The latest 2010 census numbers hint at an emerging America where, by midcentury, city boundaries become indistinct and rural areas grow ever less relevant. Many communities could shrink to virtual ghost towns as they shutter businesses and close down schools, demographers say.

More metro areas are booming into sprawling megalopolises. Barring fresh investment that could bring jobs, however, large swaths of the Great Plains and Appalachia, along with parts of Arkansas, Mississippi and North Texas, could face significant population declines.

These places posted some of the biggest losses over the past decade as young adults left and the people who stayed got older, moving past childbearing years.

For instance in West Virginia, now with a median age of 41.3, the share of Americans 65 and older is now nearly double that of young adults 18-24 — 16 percent compared to 9 percent, according to census figures released Thursday. In 1970, the shares of the two groups were roughly equal at 12 percent.

"This place ain't dead yet, but it's got about half a foot in the grave," said Bob Frees, 61, of Moundsville, W.Va., which now has a population of just over 9,000. "The big-money jobs are all gone. We used to have the big mills and the rolling plants and stuff like that, and you could walk out of high school when you were 16 or 17 and get a $15-an-hour job."

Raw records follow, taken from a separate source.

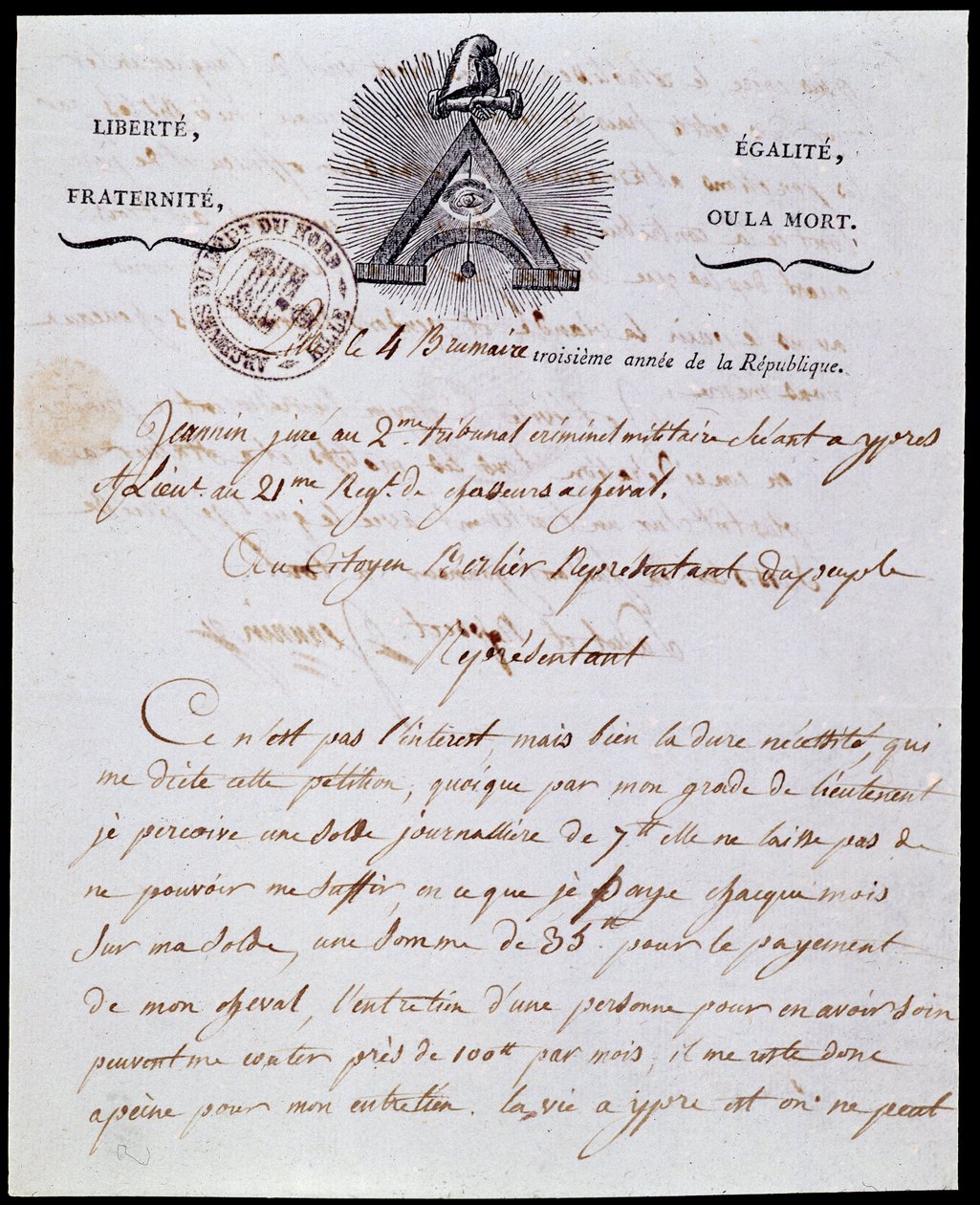 Fransk revolusjon: første side og overskrift til et militært administrativt brev 4 tåkeår III (25/10/1794) datert 18 Frimaire år III (08/12/1794) med den republikanske inskripsjonen "Liberte Egalite, Fraternite ou la Mort" og symboler fra Franco-Maconnerie av Anonymous Anonymous
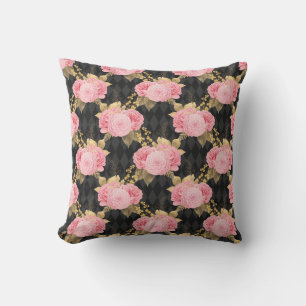Coussin Motif Harlequin Noir Floral Vintage Rose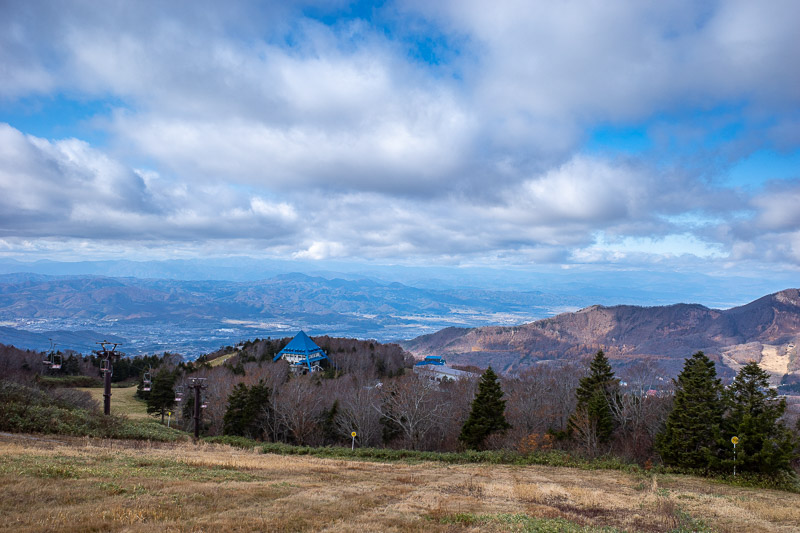 Japan-Yamagata-Hiking-Mount Zao - There is a whole network of connected ski trails. Lots of ropeways but these were not operating yet. There was no one else at all on the side of the m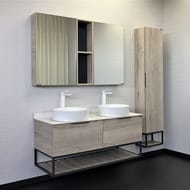 Тумба COMFORTY Порто-120-2  (1200х645х520) с 2 раковинами, столешницей, дуб дымчатый 00-00008910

Demographers put it a bit more formally.

"Some of the most isolated rural areas face a major uphill battle, with a broad area of the country emptying out," said Mark Mather, associate vice president of the Population Reference Bureau, a research group in Washington, D.C. "Many rural areas can't attract workers because there aren't any jobs, and businesses won't relocate there because there aren't enough qualified workers. So they are caught in a downward spiral."

Rural towns are scrambling to attract new residents and stave off heavy funding cuts from financially strapped federal and state governments.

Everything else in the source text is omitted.